Publié le 04 décembre 2015

Un groupe de sociétés constitue un regroupement d’entités indépendantes dont l’existence économique est prise en compte par le droit fiscal ou bien encore par les règles comptables au travers du mécanisme de la consolidation des comptes.

 

En droit commercial, et plus spécifiquement dans le domaine de la rupture des relations commerciales établies régi par l’article L 442-6 5° du Code de commerce, le raisonnement est tout autre et, à la lumière du principe de l’autonomie des personnes morales, les Juges n’hésitent pas à rappeler qu’en présence de plusieurs sociétés appartenant à un même groupe, la brutalité de la rupture des relations doit être appréciée séparément pour chacune d’elles.

 

Pour mémoire, il sera rappelé que l’article L 442-6 5° pose le principe de la responsabilité d’un producteur, commerçant, industriel ou d’une personne immatriculée au répertoire des métiers qui viendrait à rompre brutalement, même partiellement, une relation commerciale établie sans donner un préavis écrit suffisant.

 

Les magistrats adoptent depuis longtemps une interprétation extensive de ce texte qui, de ce fait, trouve à s’appliquer dans de nombreux domaines d’activités et secteurs économiques.

 

Ainsi, toute relation commerciale présentant un certain degré de régularité, de continuité et de durée, qu’elle soit ou non formalisée par un contrat écrit, entre dans le champ d’application de ce texte.

 

Dans un arrêt récent rendu le 6 octobre 2015 (pourvoi n°14-19.499), la Cour de Cassation a été amenée à se prononcer sur la problématique liée à la rupture des relations commerciales établies lorsque la cessation des relations intervient dans le cadre d’un groupe de sociétés.

 

Dans cette affaire, deux sociétés françaises faisant partie d’un même conglomérat japonais connu dans le secteur automobile avaient noué des relations commerciales avec une société tierce leur fournissant des contrepoids en fonte pour les besoins de leur activité d’équipements automobiles.

 

Le contexte était le suivant :

 

-La première société s’était approvisionnée en contrepoids auprès du fournisseur à partir du mois de septembre 2004. Le volume d’affaires entre les deux entités avait été croissant de 2004 à 2007 puis avait décru au cours des années 2008 et 2009. Le 7 octobre 2009, la première société du groupe faisait savoir au fournisseur qu’elle cessait de s’approvisionner auprès de lui ;

 

-La seconde société du groupe, quant à elle, avait débuté l’approvisionnement au mois de juin 2004 avec ce même fournisseur.
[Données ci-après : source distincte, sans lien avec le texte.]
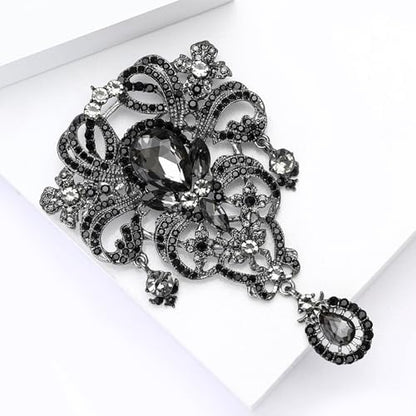 YOQUCOL Retro Austrian Crystal Big Brooch Pin for Women Large Flower Shape Brooches Lapel Pins for Sweater,Coat Dress Accessories - color: A-Black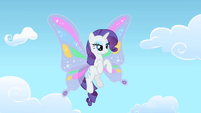 Rarity with magic wings of gossamer and morning dew in Sonic Rainboom.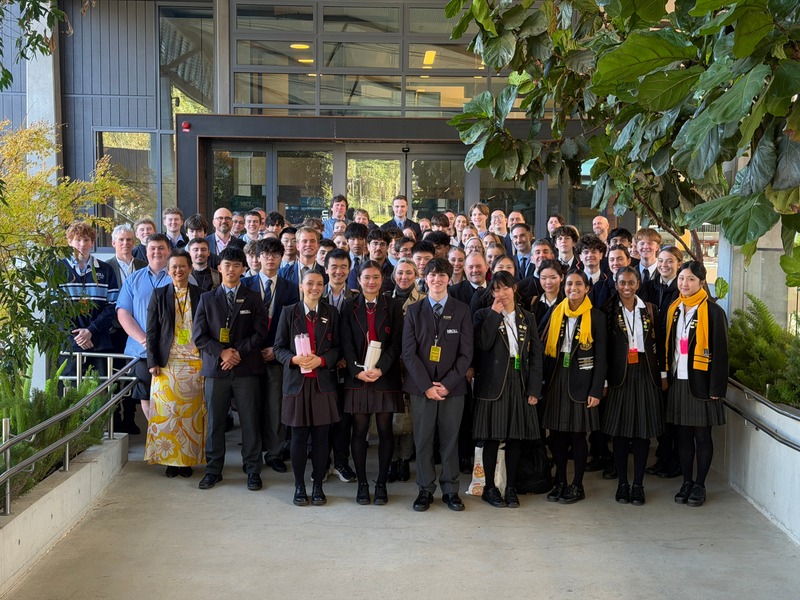 Students and educators from schools across Australia and abroad gathered for a group photo at the NBCS Summit on the impacts of AI on young people.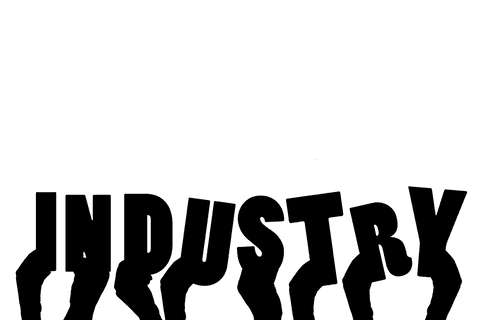 Transparent industrial hands imagery on neutral background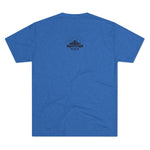 Backside of royal blue shirt displaying live free logo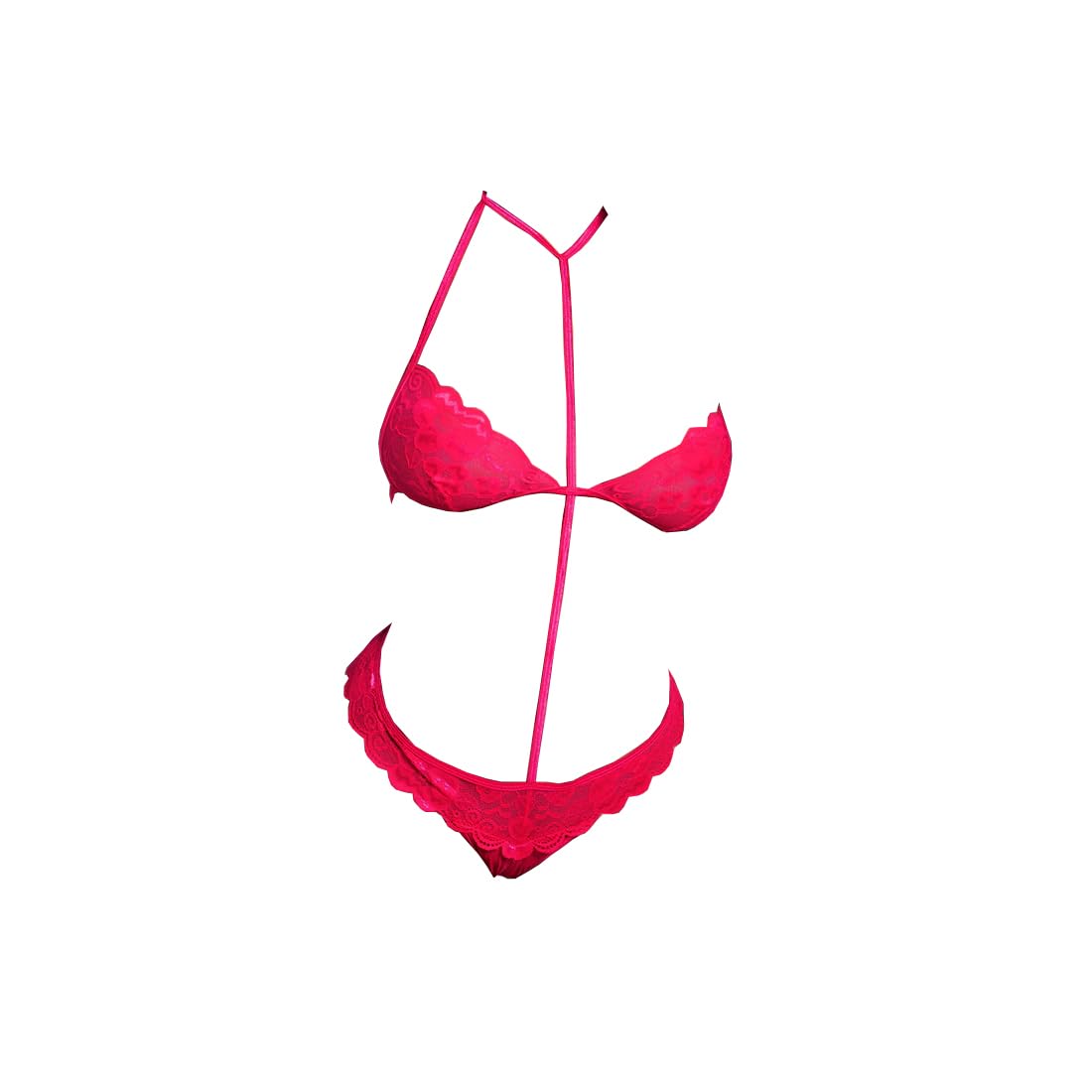 Women's Lace Tie Side Bra and Panty Teddy Style Thongs Lingerie Set Red, Free Size-image-42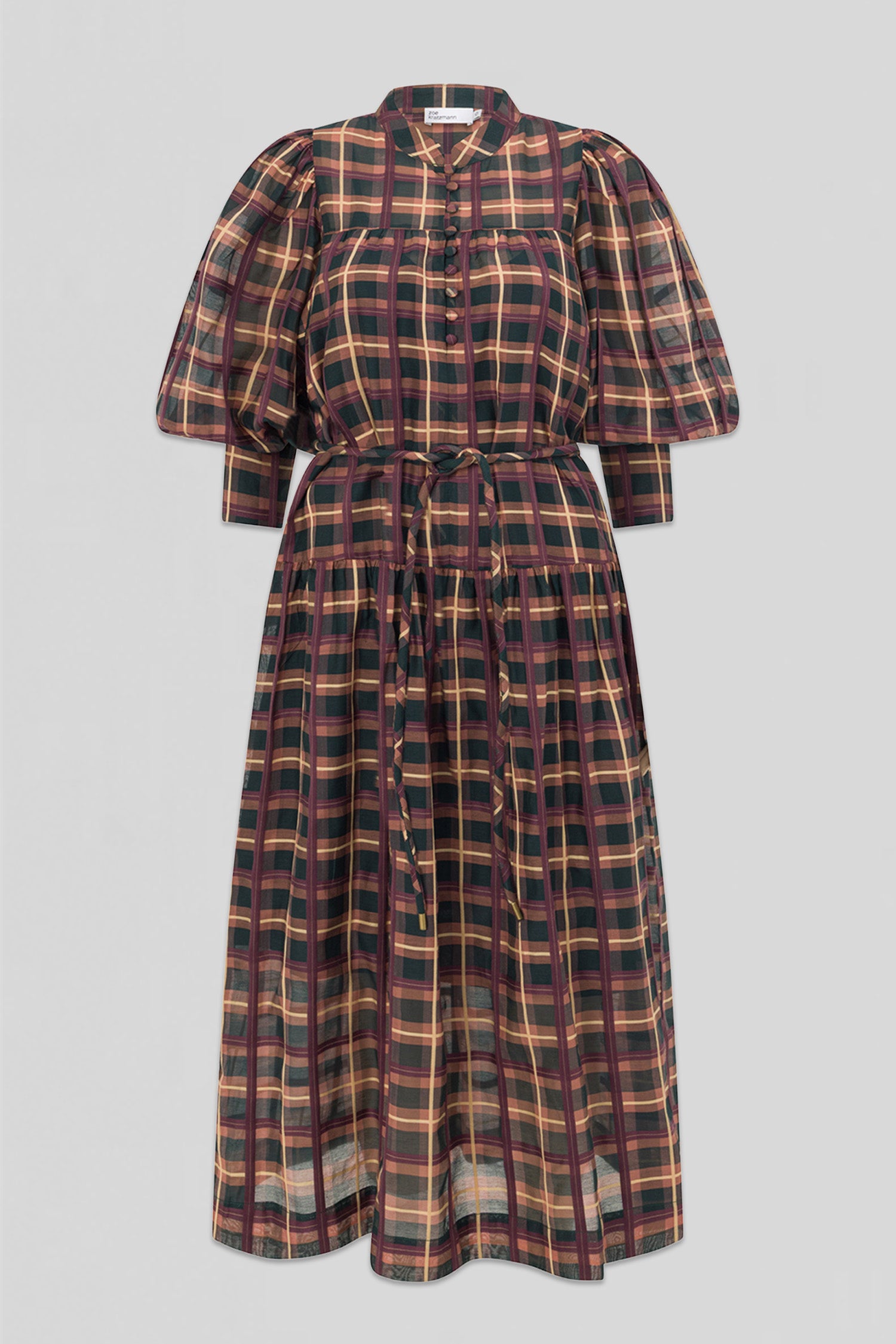 vesper dress - berry check|  zoe kratzmann| considered design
Alors que le volume d’affaires avait été croissant de 2004 à 2007, il avait, là encore, décru à partir de l’année 2008 jusqu’à ce que la seconde société notifie au fournisseur, le 25 juin 2009,  la cessation de leur relation d’approvisionnement.

 

Le fournisseur évincé a alors assigné ces deux sociétés s’estimant victime d’une rupture brutale des relations commerciales établies avec le groupe industriel en soutenant notamment qu’un préavis d’un an aurait dû lui être accordé au regard de l’ancienneté de la relation commerciale, de sa dépendance économique au groupe, de la spécificité des produits fabriqués ainsi que du temps nécessaire pour retrouver un client équivalent sur ce secteur d’activité.

 

Dans un premier temps, la Cour d’appel de Paris (décision n°12/02755 du 30 janvier 2014) a estimé que le fournisseur était fondé à bénéficier d’un préavis d’un an au titre de ces deux courants d’affaires compte tenu notamment du chiffre d’affaires global généré par les deux sociétés et donc de la dépendance économique du fournisseur à l’égard du groupe.

 

La Cour de cassation est venue casser cette appréciation en rappelant que ces deux sociétés « bien qu’appartenant à un même groupe et ayant la même activité  demeuraient des entités autonomes qui avaient entretenu avec le fournisseur des relations commerciales bien distinctes ».

 

Partant, au terme de cet arrêt, la Cour de Cassation réaffirme une méthode d’appréciation aujourd‘hui bien établie selon laquelle la durée du préavis suffisant doit s’apprécier isolément pour chacun des courants d’affaires dans lequel le groupe est impliqué à l’égard d’un même partenaire.

 

Cette méthode d’analyse doit inviter les dirigeants, lorsqu’ils envisagent de se séparer d’un partenaire travaillant avec plusieurs entités du groupe ou à l’inverse, lorsque plusieurs sociétés du groupe se font évincer par un même partenaire, à appréhender les circonstances (ancienneté de la relation, volume d’affaires, état de dépendance économique, spécificités des produits…) propres à chacun des courants d’affaires auxquels il est mis fin pour évaluer la durée du préavis suffisant.

 

Fanny Penche & Caroline Prunières 

Article rédigé par :

Caroline PRUNIÈRESAvocate Associée

Après plusieurs années d’exercice professionnel à Paris au sein de cabinets d’avocats d’affaires à dimension internationale (Salès Vincent &...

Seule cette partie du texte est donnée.